Andrei Kirilenko – 7

My favorite player in this game and not just because his new haircut is a weird hybrid between a bowl cut and a mullet. Not a great shooting night but that’s not what you need from him. He did have a couple of big threes to go with his two steals, six boards, three assists, and seven hustle plays. If you want to know his impact on a basketball game, just watch the firs minute and a half of the game. Stole the tip, steal on defense, forced a jump ball, dove for a loose ball, and had great movement off the ball.

Deron Williams – 8

Here’s a thing Deron Williams doesn’t get enough credit for. His low post players Al Jefferson (statue) and Kyrylo Fesenko (statue). When Williams goes barreling into the paint and the defense collapses, they don’t move to create the passing lanes, leaving Deron to do it by himself. He did an excellent job of feeding them with no looks and bounce passes and jump passes when he was surrounded by three players. He created the passing lanes when there were none. He passed when he needed to. He shot the ball when he needed to. He had a great feel for the game and was the best player on his team, which wasn’t the case against Miami.

Al Jefferson – 7

A sieve defensively although you wouldn’t notice it since most of Orlando’s damage came from mid to long range. That’s nothing new from him though. Your traditional low-post player, he handled Dwight Howard offensively with ease. They even went to him during crunch time and he got effortless points on Howard. Twice even. Williams made him look good a couple times by doing everything but balancing the ball on the rim for him to jam it on through but he created his own offense when called upon and he did it against the reigning Defensive Player of the Year.

Dwight Howard – 6

He only took eight shots but they were all really good looks. I was absolutley floored by the improvement in his game on the offensive end. He’s still only got like four moves down there and I’m sure that I could post up Jefferson and shoot a decent percentage but still, it’s impressive none the less. Defensively he was okay, getting a few blocks and grabbing a few boards but he wasn’t the dominating force Orlando needs. Jefferson had a good game against him and fouls limited the effect he could have on the game.

They say practice makes perfect, which is the dumbest thing I ever heard because perfection is unattainable but I’m not going to pick nits. Even just counting the fact that he is shooting free throws 10-14 times per game over the last few years, isn’t that enough practice to make improvements, even if they’re slight improvements? If I’m an accountant and have no discernible physical skills and I shoot free throws every other day for five years straight, or perhaps longer than that even, don’t I stand a great chance to improve my amount of makes over that course of time? It would stand to reason that I would eventually plateau but to have a 4-11 night from the line is unbelievable when you shoot them so often. His free throw misses before the Jazz made their run could have made what seemed to be unattainable even more so, I don’t understand it.

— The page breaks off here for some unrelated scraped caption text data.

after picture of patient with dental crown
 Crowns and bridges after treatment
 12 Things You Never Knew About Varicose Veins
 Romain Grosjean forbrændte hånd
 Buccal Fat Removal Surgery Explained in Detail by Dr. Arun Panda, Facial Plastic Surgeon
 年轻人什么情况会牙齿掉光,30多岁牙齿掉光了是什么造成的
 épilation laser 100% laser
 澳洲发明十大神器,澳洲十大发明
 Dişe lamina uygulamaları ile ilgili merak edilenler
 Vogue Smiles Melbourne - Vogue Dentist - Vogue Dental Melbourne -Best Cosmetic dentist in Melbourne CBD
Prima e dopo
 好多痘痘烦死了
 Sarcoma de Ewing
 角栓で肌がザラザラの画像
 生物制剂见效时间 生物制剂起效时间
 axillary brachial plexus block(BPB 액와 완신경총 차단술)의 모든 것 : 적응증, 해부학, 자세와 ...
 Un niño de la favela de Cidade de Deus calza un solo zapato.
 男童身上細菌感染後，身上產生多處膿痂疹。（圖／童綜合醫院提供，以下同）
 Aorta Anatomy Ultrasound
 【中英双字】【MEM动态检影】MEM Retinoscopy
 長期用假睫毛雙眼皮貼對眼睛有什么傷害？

I’m sure Stan Van Gundy doesn’t either.

Vince Carter – 5

Vince hit a few nice bombs and missed some as well but he drove to the basket plenty which would be great if he had remembered to do this against the Celtics in the playoffs. Let’s see it in May.

Rashard Lewis – 5

Lewis is devastating offensively, to either the opponents or his own team. He really has a versatile game when the Magic have the ball. He’s more than catch and shoot. He can put it on the floor, he can post up, and he can bomb it when he’s hot. He wasn’t though and missed more than he made.

The important thing learned tonight was this: The Jazz can handle adversity, as you’d expect from a Jerry Sloan team. They also just got a two game head start on all of the Western Conference teams that haven’t played in Orlando and Miami yet and with eight teams out west winning 50+ last year, these early season wins will mean just as much as the late season ones in April.